Looking at the liquidationCall function in the Pool contract:
function liquidationCall(
address collateralAsset,
address debtAsset,
address user,
uint256 debtToCover,
bool receiveAToken
) external override {
LiquidationLogic.executeLiquidationCall(
_reserves,
_usersConfig,
_reservesList,
_eModeCategories,
DataTypes.ExecuteLiquidationCallParams({
reservesCount: _reservesCount,
debtToCover: debtToCover,
collateralAsset: collateralAsset,
debtAsset: debtAsset,
user: user,
receiveAToken: receiveAToken,
priceOracle: ADDRESSES_PROVIDER.getPriceOracle(),
userEModeCategory: _usersEModeCategory[user],
priceOracleSentinel: ADDRESSES_PROVIDER.getPriceOracleSentinel()
})
);
}we can see that the price oracle passed into ExecuteLiquidationCallParams is returned by the getPriceOracle function in PoolAddressProvider contract:
function getPriceOracle() external view override returns (address) {
return getAddress(PRICE_ORACLE);
}This is the default asset price oracle, meaning that if the user is in eMode ("efficiency mode" which is supposed to maximize capital efficiency and allows using a specific price oracle for each eMode category) an oracle other than the default asset oracle that might've been specified will be ignored.
Given that the user can be using any number of a possible 255 eMode categories, each with a possible price oracle, the priceOracle parameter passed into the ExecuteLiquidationCallParams should check if the category being used has a different oracle associated with it and only fallback to the default oracle if none has been specified.

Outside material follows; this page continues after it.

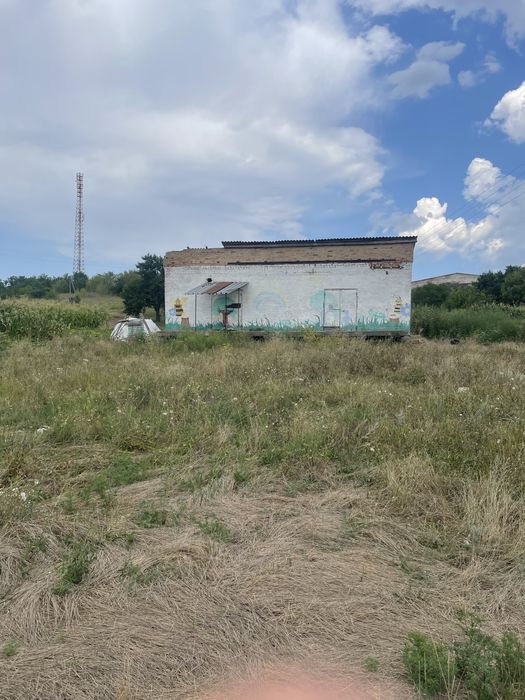 Продається майновий комлекс  (колишній млин) 8.000 у.е.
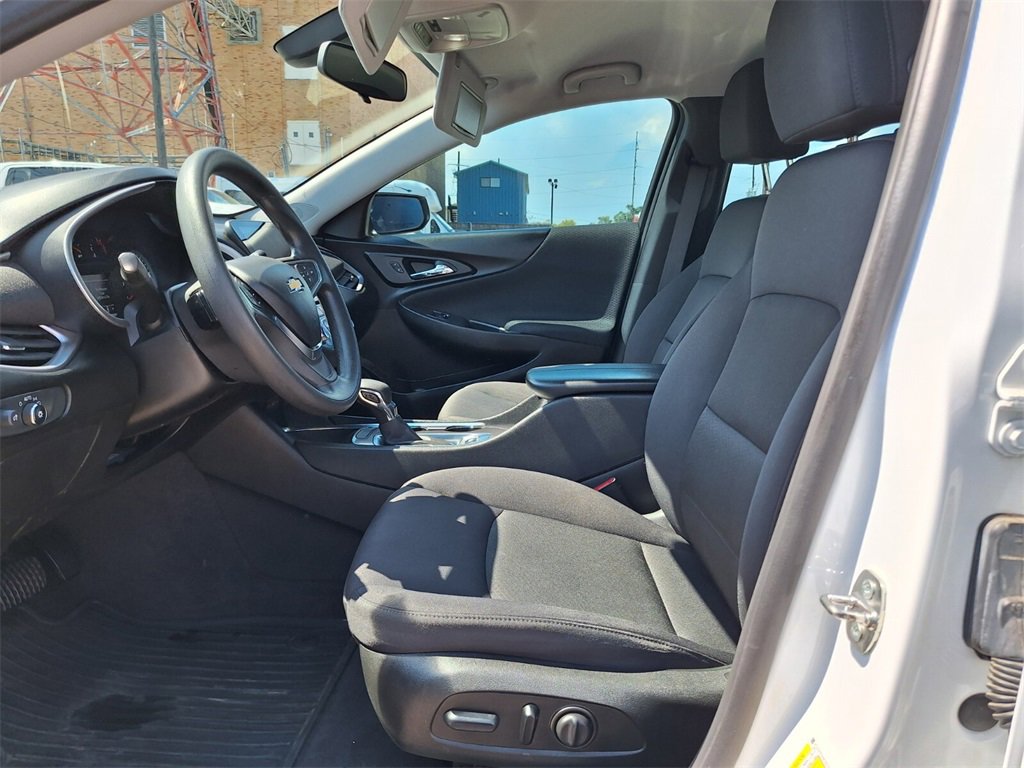 Used 2022 Chevrolet Malibu LT image 11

The property outlined by Certora to catch this vulnerability was "Emode source price usage" which is located in the original pool.spec file under the rule named priceOracelCounter, for this article we have rewritten this rule in the priceOracelCounter.spec file for clarity and to resolve some issues with the Certora Prover due to the specification used in the review being written in an older version of CVL. The slightly modified rule is defined as:
using SymbolicPriceOracle as priceOracle;
ghost mapping(address => mathint) usageOfPriceOracle {
init_state axiom forall address asset. usageOfPriceOracle[asset] == 0;
axiom forall address asset. usageOfPriceOracle[asset] >= 0;
}
hook Sload uint256 p priceOracle.price[KEY address asset] STORAGE {
usageOfPriceOracle[asset] = usageOfPriceOracle[asset] + 1;
}
rule priceOracelCounter(address asset, method f) {
env e;
calldataarg args;
mathint before = usageOfPriceOracle[asset];
f(e, args);
assert usageOfPriceOracle[asset] == before;
}
where we use the usageOfPrice ghost variable to indicate whether the priceOracle variable has been accessed via a hook into load operations for this variable in the SymbolicPriceOracle contract which we are using as a mock price oracle. We can see from the below result of running the Prover that it has been violated in the liquidationCall function in the Pool contract:
This proves that the property outlined in the report is violated, meaning that instead of accessing the eMode price oracle associated with the category, the default asset price oracle was used instead. This could potentially cause the liquidation price to be worse than expected and is inconsistent with borrow/repay operations that may use the eMode price oracle.
Conclusion
We've seen how defining a system's properties via property testing with Certora can uncover novel vulnerabilities that might not have been identified otherwise. Defining these properties as code rather than just having them in writing allows them to become an integral part of the development lifecycle and ensures they are never violated. Once these tests are added to a project's test suite, they can be used in a CI/CD pipeline and run against new changes to ensure that the additions don't cause any breaking of the properties and potential vulnerabilities associated with them.